Она попыталась вырвать свою руку из моей, но я ещё усилил хватку и держал её крепко. У меня были короткие руки, но кисти и странные феноменально гибкие пальцы были сильными, и хватка у меня как тиски.
— Почему вы так пугливы, Signorina Cuoca? — Я склонил голову набок, недоумевая: почему я говорю всё это, почему провоцирую её вместо того, чтобы целовать? — Украсть рецепты — не такой уж большой грех. За это не сажают в колодки. Разве что у вас на совести есть парочка более тяжких грехов. Что-нибудь такое, за что вас всё-таки могут посадить в колодки. — Я вгляделся в её побелевшее лицо и улыбнулся. — У вас на совести есть что-то ещё, не так ли? Что же вы натворили? Украли что-то помимо рецептов? Сожгли склад, предварительно продав припасы? Убили подмастерья?
Она вырвала руку.
— Не суй свой нос в мои дела, карлик.
— А почему бы нет? Вы интересуете меня, Кармелина.
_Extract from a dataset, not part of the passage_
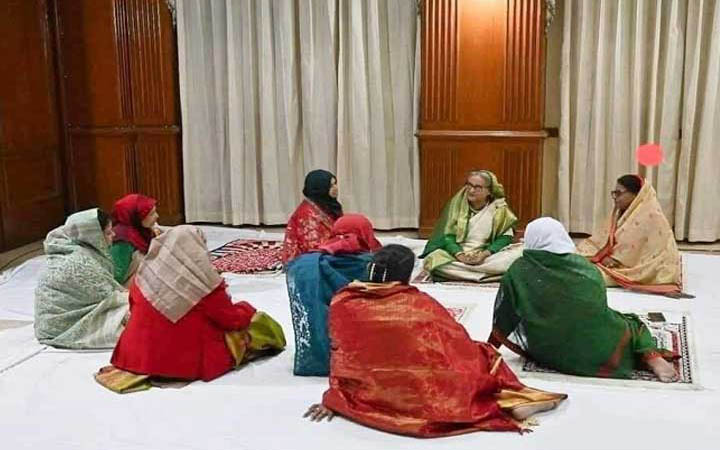 নামাজ শেষে জায়নামাজে প্রধানমন্ত্রী, প্রশংসায় নেটিজেনরা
Люди, которым есть, что скрывать, всегда вызывают у меня интерес.
— Мне нечего скрывать.
— А я уверен, что есть.
Она прошествовала к двери.
— Я пришлю моих мойщиков посуды за этой грудинкой, — бросила она через плечо. — И если вам вздумается ещё что-нибудь украсть из моих кухонь, я вас оскоплю!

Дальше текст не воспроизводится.